江远原本还在生气,但一回到家,满腔怒火都变成了无奈——他在学校宿舍住了三天,家里还保持着他离开时的模样,客厅里抱枕还保持着他离开的姿势,房间的被子保持着拱起状态,拖鞋一只在床边,一只不知道跑到哪里去,而厨房却像是经历过爆炸,锅与烤箱虽然已经擦洗过,却仍是黑漆漆的一片。

她依旧是那么忙,依旧是每日将工作奉为重心,依旧是那么不会照顾自己,可是三年前,她却将自己照顾得那么好。

此次冷战正式自江远打开冰箱那一刻正式宣告结束,商眠吃了这周来最痛快的一餐饭,主动包揽起洗碗的任务。

江远也不与她争抢,任由她一个人在厨房弄得叮当作响,也不帮忙:“商叔叔傍晚来了一趟,给你带了腊味,我放在冰箱里。”

商眠“哦”了一声,头也没抬:“一个人?”

“嗯,一个人。”

江远想要从她声音中窥探出一点别的情绪,可商眠却平静得很,手下也没停下与锅碗瓢盆大作战。

自三年前商眠从家里搬出来后,她与父母的关系便很微妙,父亲商明建还好,偶尔还是会来看看她,母亲曲葵却整整三年不与她来往,偶尔过节回家,对着商眠也鼻子不是鼻子眼不是眼,商眠倒是无所谓,商明建周旋在老婆与女儿之间,苦不堪言。

见商眠没什么反应,江远也不知是失落还是庆幸,他正准备回房间,商眠的声音却从背后传来:“小远,你放心,我不会抛下你,你永远是我的弟弟。”

江远一震,半晌没有动作,也没有言语。

她看似迟钝大大咧咧,心里却门儿清。她知道他的不安,知道他的慌乱,知道什么话能够安抚他。

可是,还有许多她不知道的事。

他不知道在那里站了多久,商眠却又忽然想起了什么,打断他的思绪:“你那个生命科学竞赛是什么时间,我到时候去观赛。”

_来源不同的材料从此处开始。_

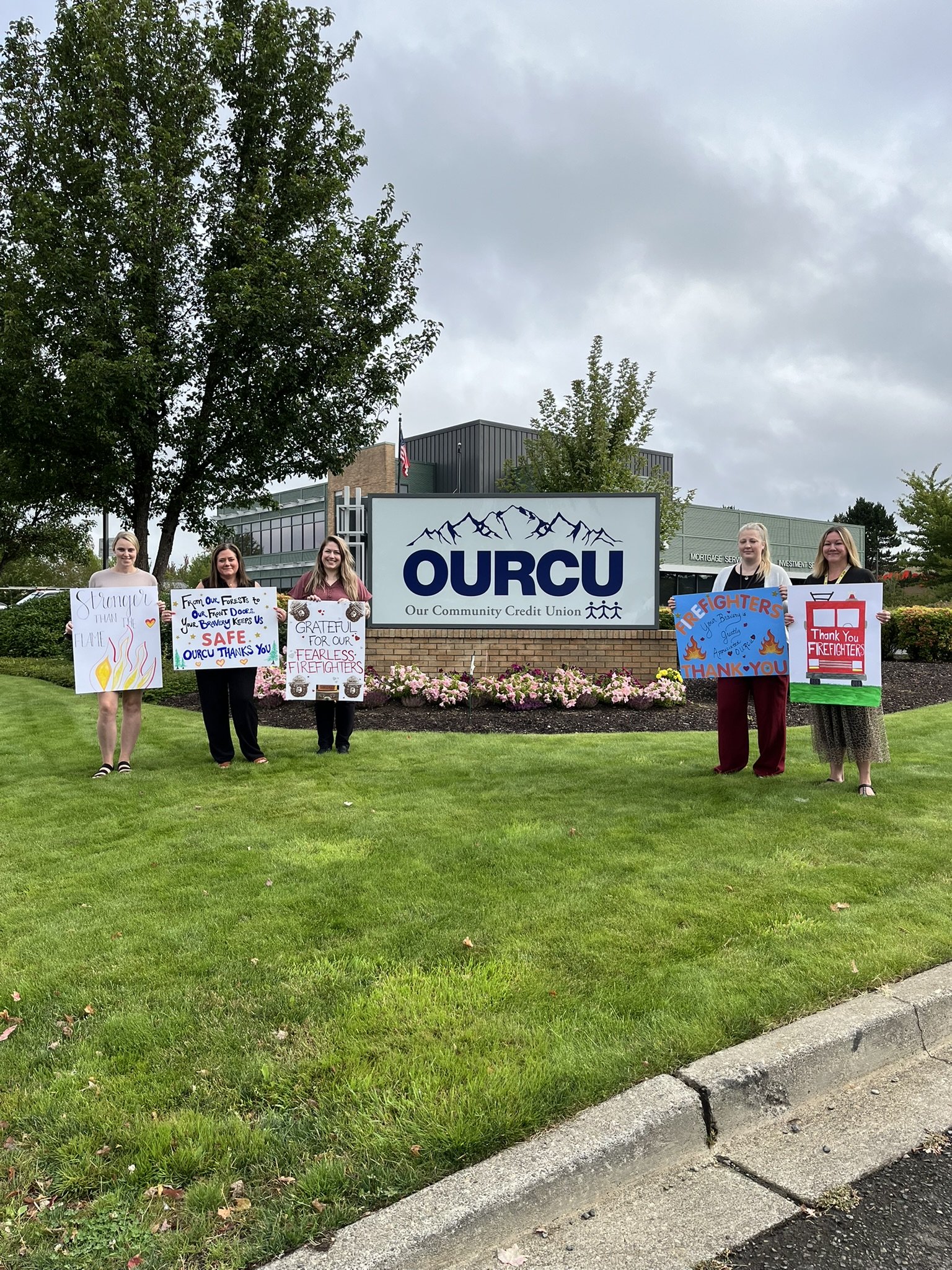 Mensajes de agradecimiento del personal de OURCU para los bomberos forestales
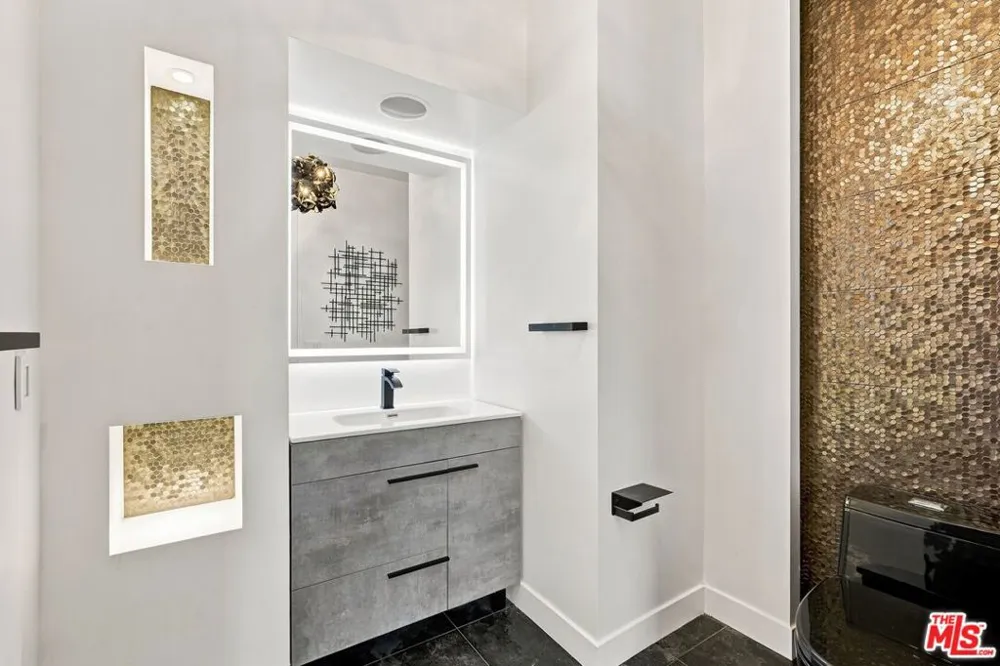 8121 Norton Avenue #403 West Hollywood, CA 90046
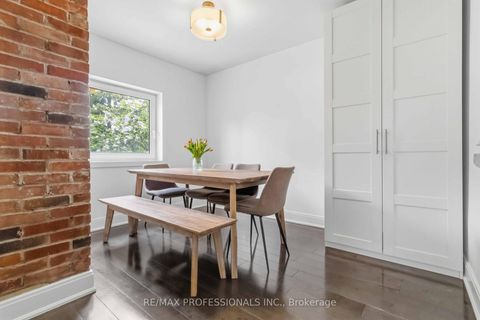 Photo 8 at 3 Snaresbrook Drive, Kipling, Toronto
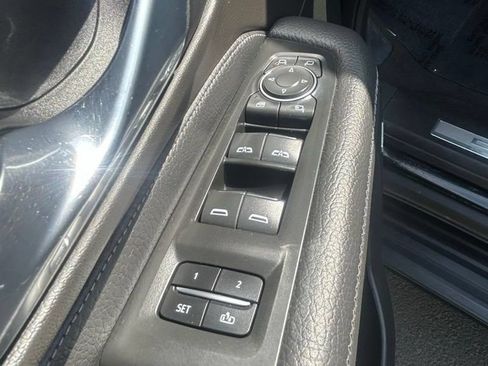 Used 2021 GMC Yukon Denali AWD/4WD image 12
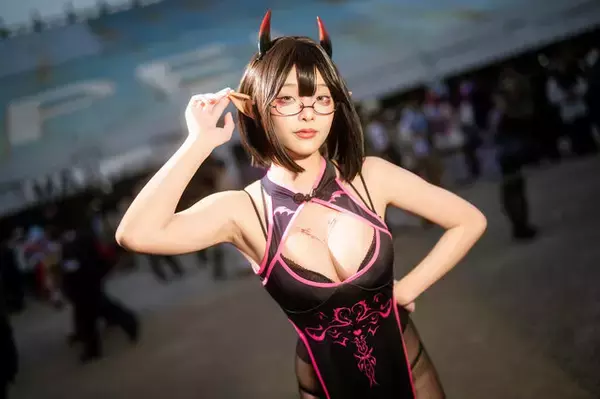 【コスプレ】眼鏡×チャイナドレスの小悪魔っ子が最強！曲線美が輝く黒ストッキングで存在感を放つ【写真7枚】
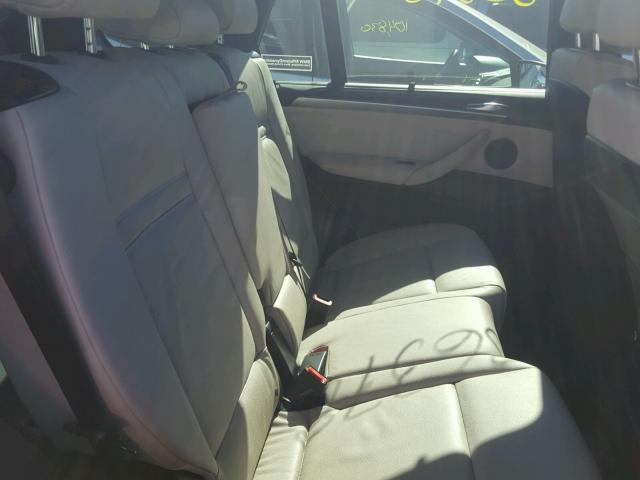 5UXZV8C57CL424484 - 2012 BMW X5 XDRIVE5 WHITE photo 6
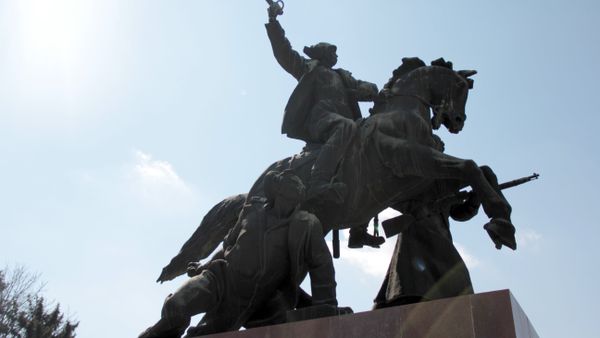 Памятник Буденому. Легендарное место встречи «Под яйцами». Местные студенты ввели традицию красить причинное место коня на пасху. - Sputnik Армения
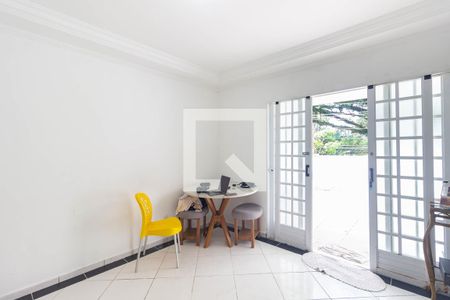 Sala de casa para alugar com 4 quartos, 139m² em Jardim Esmeralda, São Paulo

江远没想到自己随口一说的事情,她还记得:“这个周日,你不用值班对吧?我给你留了票,放在你桌子上。”

“虽然知道你能赢,但我还是要去给你加油!”商眠业务能力一流,家务却极其笨拙,洗碗洗了大半天,弄得到处都是泡沫。

“真的吗?”江远比她高了一个头,可终究是个比她小了好几岁的男孩,这会儿听她这么说,语气的雀跃俨然藏不住。

商眠心猛地一揪,不去看那与江遥越发相似的眉眼:“当然,我会带上半个刑警队给你呐喊助威。”

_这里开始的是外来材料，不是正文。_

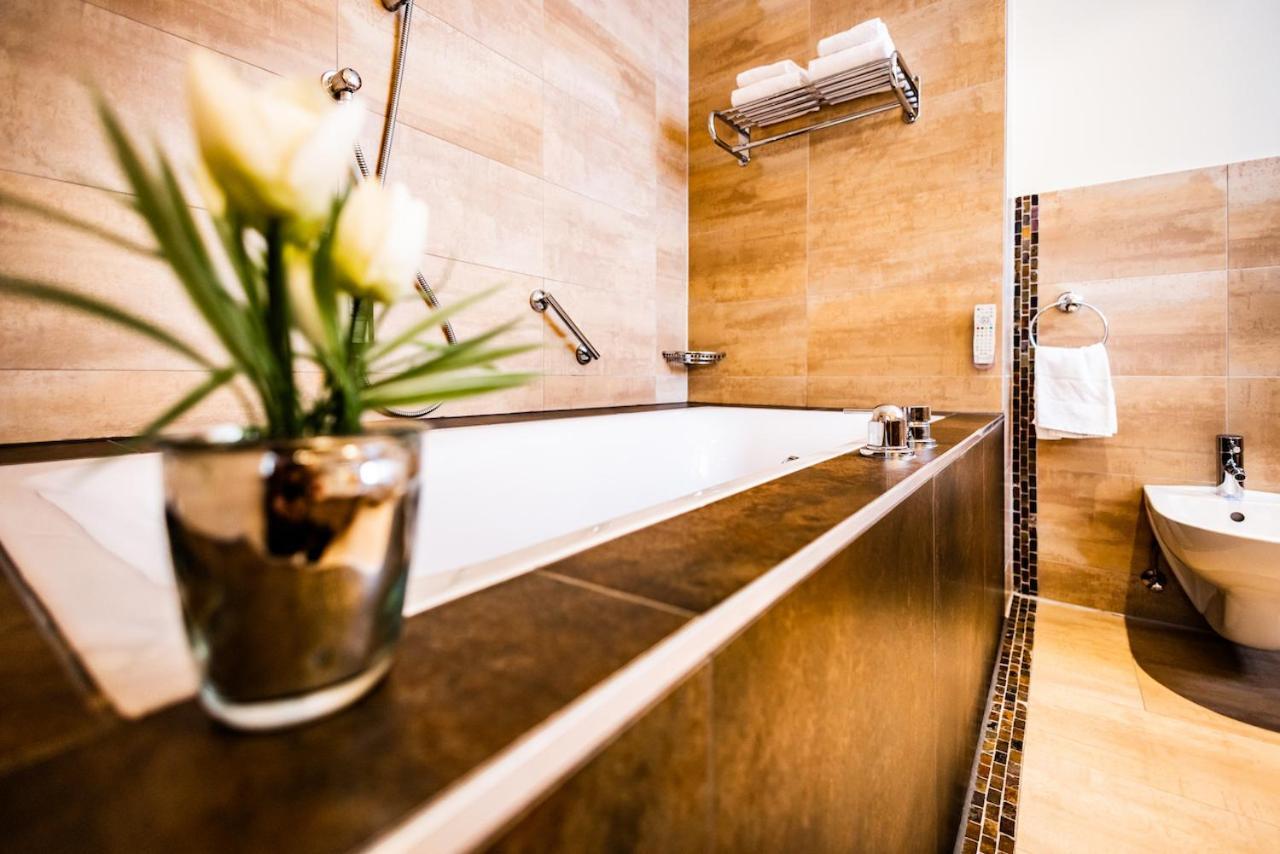 Seehotel Sued By S4Y Velden am Worthersee Bagian luar foto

历史上最著名的乌鸦嘴爱德华·墨菲先生说过:如果你担心某种事情会发生,那么它一定会发生。

这讨厌的墨菲定律,每每都会在商眠身上得到验证。

周日这一天,她定了三个备忘和两个闹钟,原本要值班也和同事交换,但仍是成功又完美地错过了全国大学生生命科学竞赛的现场。

商眠是在出门前接到电话的,何小空像刚跑完八百米,气喘吁吁:“眠哥,刘媛媛醒了。”

在她醒来之前,虽然刑警队已经找到好几处证据表明刘媛媛被家暴,身上多处旧伤,医院的病历与郁云初的证词,刘媛媛微博小号的吐槽和宣泄,但刘媛媛刺伤杨程也是事实,如果没有进一步的证据,仍旧难以洗脱故意伤人的罪名,也无法将杨程定罪。

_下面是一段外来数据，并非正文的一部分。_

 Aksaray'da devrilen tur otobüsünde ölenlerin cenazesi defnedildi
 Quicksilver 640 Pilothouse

商眠奔波了几日,案件进展缓慢,卡于瓶颈。刘媛媛头部受到重创,昏迷大半月,这时候醒来,令人惊喜又庆幸。

只是何小空接下来的话,险些让商眠摔手机:“什么?”

“她什么话都不肯说,无论我问她什么,她都沉默。”

在家暴中,最可怕的并非施暴者一次又一次的暴力,而是受虐者的忍让退缩与原谅,它会让所有为之努力的人都变得可笑,这才是真正的助纣为虐。

人会知错改正,而魔鬼不会,它只会将你同化。

商眠不是第一次遇到这样的情况。

她离开校园初入警界,遇到的第一个案子便是家暴案,她记得那是个五十来岁的女人,长期忍受丈夫毒打,商眠是接到邻居报警出警时女人已经被打得半昏迷,证据确凿,足以拘留判刑,却没想到那个面容愁苦奄奄一息的女人死活不让警方带走丈夫。

“你们带走他,我怎么办?我的孩子怎么办?”

“我们这个家庭不能没有他……”

“求求你们了,他知道错了。”

“他不是故意打我,他是不小心……”

“我自己不小心的……”

商眠至今都记得那瘦弱的女人眼里摄人的光,以及施暴者嘴角嘲讽的笑:“你看,我没有打她,她的伤都是自己不小心摔的。”江遥年轻气盛,被这笑容所挑衅,直接给了他一拳,反倒被叫写检讨。

女人矢口否认被打,警方无奈,只能教育后放人。

过了几个月,分局又接到报警:女人死了,在与丈夫争执间被推下楼。

商眠在车里坐了许久,才道:“你先等着,我过去。”

竞赛会场在东边,商眠一路往西,医院。

别人可以置身深渊,沉沦其中,她却不能冷眼旁观。

无论是从前,还是现在。

医院出来,天已经完全黑了。

她慢吞吞往停车场走,走到半路才想起江远的科学竞赛,散步成了夺命狂奔,刚跑了几步,便看见一个熟悉的身影。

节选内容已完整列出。